AI-Powered Blog System: Architecture & Implementation Details

A comprehensive look at the fully automated blog generation system - from AI agents to GitHub Actions deployment, featuring intelligent deduplication and dual-domain support.

#meta #automation #AI #github-actions #astro #architecture

Project Overview

After extensive development spanning multiple iterations, this blog is now a fully automated, production-ready content platform that demonstrates modern software architecture principles. The system autonomously fetches news, generates original analysis, and deploys updates - all without manual intervention.

Core Architecture Principles

  1. Monorepo Structure: Shared code, independent packages, unified builds
  2. Event-Driven Automation: GitHub Actions orchestrates the entire pipeline
  3. Tiered AI Fallback: Cost optimization through intelligent provider selection
  4. Intelligent Deduplication: Multi-level filtering prevents duplicate content
  5. Environment-Based Configuration: Single codebase supports multiple deployment targets

System Architecture

Package Structure (4 Packages)

1. @personalBlog/core - Shared Foundation

Purpose: Reusable utilities and infrastructure

Key Components:

  • AI Client (src/ai/client.ts):

    • Multi-provider support (Gemini, Groq, OpenAI)
    • Tiered fallback chain (tier1 → tier2 → tier3)
    • Usage tracking and budget monitoring
    • Automatic error handling and retries
  • Config Loader (src/config/loader.ts):

    • YAML configuration with Zod validation
    • GitHub Secrets integration (runtime secrets.yaml)
    • Workspace root detection
    • Singleton pattern for performance
  • Content Utilities:

    • Markdown generation with frontmatter
    • Filename generation (YYYY-MM-DD-slug format)
    • Content validation
    • Type-safe schemas

Dependencies: @google/generative-ai, groq-sdk, openai, zod, yaml, pino


2. @personalBlog/agent-news - News Aggregator

Purpose: Fetches and analyzes tech news, generates blog posts

Workflow:

1. Fetch (281+ articles from 7 sources)
   ├─ RSS Feeds (6): Hackaday, Embedded.com, CNX Software, etc.
   └─ Hacker News API: Top stories matching keywords

2. Deduplicate (Remove identical articles)
   └─ URL-based + content similarity

3. Rank by Relevance (AI scoring 0.0-1.0)
   └─ Filter: score ≥ 0.7

4. Filter Existing Posts
   ├─ Extract titles + source URLs from existing .md files
   ├─ Check exact URL match (most reliable)
   └─ Check title similarity (60% word overlap threshold)

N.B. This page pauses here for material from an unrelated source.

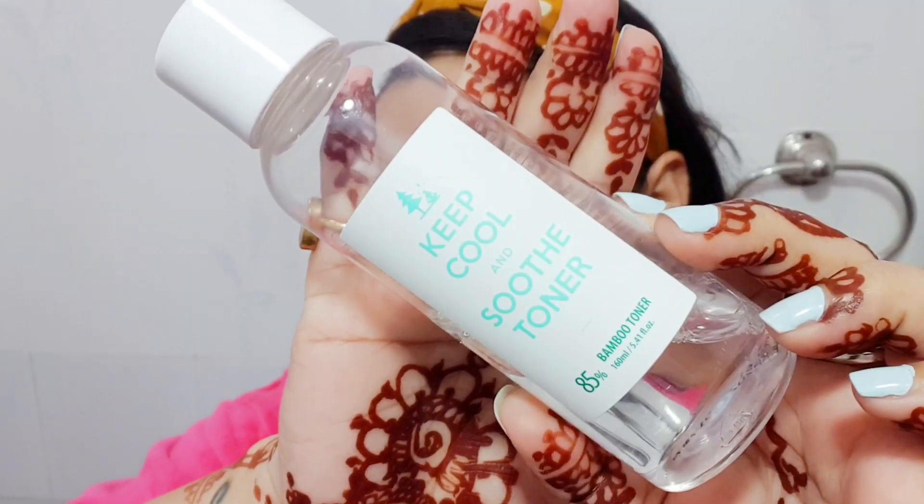The first step is the Keep Cool Soothe Toner. It has 85% bamboo water and seven different types of low molecular hyaluronic acid. It's a very soothing and calming toner with a nice slip to it. I pour it directly on my face and pat it in. Generally I use 2-3 layers, but when my skin is very dry or dehydrated, I use 5-6 layers.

5. Generate Blog Post (AI with context)
   ├─ Pass last 10 existing blog titles + URLs to AI
   ├─ AI analyzes with awareness of existing content
   └─ Generate 800-1200 word original analysis

6. Save & Validate
   ├─ Create frontmatter (title, tags, sources)
   ├─ Validate markdown structure
   └─ Save to website/src/content/news/

Key Files:

  • src/index.ts: Main orchestrator
  • src/sources/: RSS fetcher, Hacker News client
  • src/processors/: Deduplicator, relevance ranker
  • src/generator/blog-generator.ts: AI-powered blog generation

Smart Deduplication:

// 1. URL-based (100% reliable)
if (existingUrls.has(article.url)) {
  skip();
}

// 2. Title similarity (60% threshold)
const articleWords = title.split(/\s+/).filter(w => w.length > 3);
const existingWords = existing.split(/\s+/).filter(w => w.length > 3);
const overlap = intersection(articleWords, existingWords);
if (overlap / articleWords.length > 0.6) {
  skip();
}

// 3. Pass context to AI
const context = existingPosts.map(p => 
  `"${p.title}" (source: ${p.url})`
).join('\n');

3. @personalBlog/agent-diy-tutorials - Tutorial Generator

Purpose: Researches forums and creates educational content

Sources:

  • Reddit: r/embedded, r/arduino, r/raspberrypi
  • Stack Exchange: Electronics, Arduino, Raspberry Pi

Workflow (Multi-Phase Generation):

  1. Fetch forum posts by keywords
  2. Topic discovery (AI identifies tutorial-worthy topics)
  3. Tutorial outline generation (structure + sections)
  4. Content writing (detailed step-by-step guides)
  5. Save with difficulty level (beginner/intermediate/advanced)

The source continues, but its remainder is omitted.